**Assignment:** Beneath this task is a listing; retype all of it exactly.

===== Listed entries =====

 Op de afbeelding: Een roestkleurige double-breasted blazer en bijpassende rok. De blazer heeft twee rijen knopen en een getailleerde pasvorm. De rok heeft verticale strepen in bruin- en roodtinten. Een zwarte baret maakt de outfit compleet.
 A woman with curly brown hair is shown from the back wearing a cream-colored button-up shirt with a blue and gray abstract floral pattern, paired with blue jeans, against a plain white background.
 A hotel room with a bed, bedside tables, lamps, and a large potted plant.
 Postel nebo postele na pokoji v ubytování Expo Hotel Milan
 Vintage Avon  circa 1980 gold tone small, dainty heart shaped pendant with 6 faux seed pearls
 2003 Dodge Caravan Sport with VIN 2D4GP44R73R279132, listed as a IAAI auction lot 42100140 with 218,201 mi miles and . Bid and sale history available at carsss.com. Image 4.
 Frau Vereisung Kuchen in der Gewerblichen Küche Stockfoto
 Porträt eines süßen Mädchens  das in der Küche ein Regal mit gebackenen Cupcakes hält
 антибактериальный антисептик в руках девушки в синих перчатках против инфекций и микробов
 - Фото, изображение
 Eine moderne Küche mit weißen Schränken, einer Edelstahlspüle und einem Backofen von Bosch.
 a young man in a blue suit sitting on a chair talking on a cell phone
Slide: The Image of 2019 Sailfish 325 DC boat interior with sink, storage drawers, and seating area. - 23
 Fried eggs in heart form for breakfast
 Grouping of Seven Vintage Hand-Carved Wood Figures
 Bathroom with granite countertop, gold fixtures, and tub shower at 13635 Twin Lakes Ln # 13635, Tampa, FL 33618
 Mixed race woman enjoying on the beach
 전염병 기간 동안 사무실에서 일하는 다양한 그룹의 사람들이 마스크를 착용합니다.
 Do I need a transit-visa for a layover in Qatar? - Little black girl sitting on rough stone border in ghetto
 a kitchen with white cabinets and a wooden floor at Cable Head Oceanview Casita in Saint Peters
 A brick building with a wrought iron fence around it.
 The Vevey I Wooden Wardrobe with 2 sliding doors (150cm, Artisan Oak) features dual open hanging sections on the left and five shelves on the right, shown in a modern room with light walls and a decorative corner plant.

=====

**Response below:**
 Op de afbeelding: Een roestkleurige double-breasted blazer en bijpassende rok. De blazer heeft twee rijen knopen en een getailleerde pasvorm. De rok heeft verticale strepen in bruin- en roodtinten. Een zwarte baret maakt de outfit compleet.
 A woman with curly brown hair is shown from the back wearing a cream-colored button-up shirt with a blue and gray abstract floral pattern, paired with blue jeans, against a plain white background.
 A hotel room with a bed, bedside tables, lamps, and a large potted plant.
 Postel nebo postele na pokoji v ubytování Expo Hotel Milan
 Vintage Avon  circa 1980 gold tone small, dainty heart shaped pendant with 6 faux seed pearls
 2003 Dodge Caravan Sport with VIN 2D4GP44R73R279132, listed as a IAAI auction lot 42100140 with 218,201 mi miles and . Bid and sale history available at carsss.com. Image 4.
 Frau Vereisung Kuchen in der Gewerblichen Küche Stockfoto
 Porträt eines süßen Mädchens  das in der Küche ein Regal mit gebackenen Cupcakes hält
 антибактериальный антисептик в руках девушки в синих перчатках против инфекций и микробов
 - Фото, изображение
 Eine moderne Küche mit weißen Schränken, einer Edelstahlspüle und einem Backofen von Bosch.
 a young man in a blue suit sitting on a chair talking on a cell phone
Slide: The Image of 2019 Sailfish 325 DC boat interior with sink, storage drawers, and seating area. - 23
 Fried eggs in heart form for breakfast
 Grouping of Seven Vintage Hand-Carved Wood Figures
 Bathroom with granite countertop, gold fixtures, and tub shower at 13635 Twin Lakes Ln # 13635, Tampa, FL 33618
 Mixed race woman enjoying on the beach
 전염병 기간 동안 사무실에서 일하는 다양한 그룹의 사람들이 마스크를 착용합니다.
 Do I need a transit-visa for a layover in Qatar? - Little black girl sitting on rough stone border in ghetto
 a kitchen with white cabinets and a wooden floor at Cable Head Oceanview Casita in Saint Peters
 A brick building with a wrought iron fence around it.
 The Vevey I Wooden Wardrobe with 2 sliding doors (150cm, Artisan Oak) features dual open hanging sections on the left and five shelves on the right, shown in a modern room with light walls and a decorative corner plant.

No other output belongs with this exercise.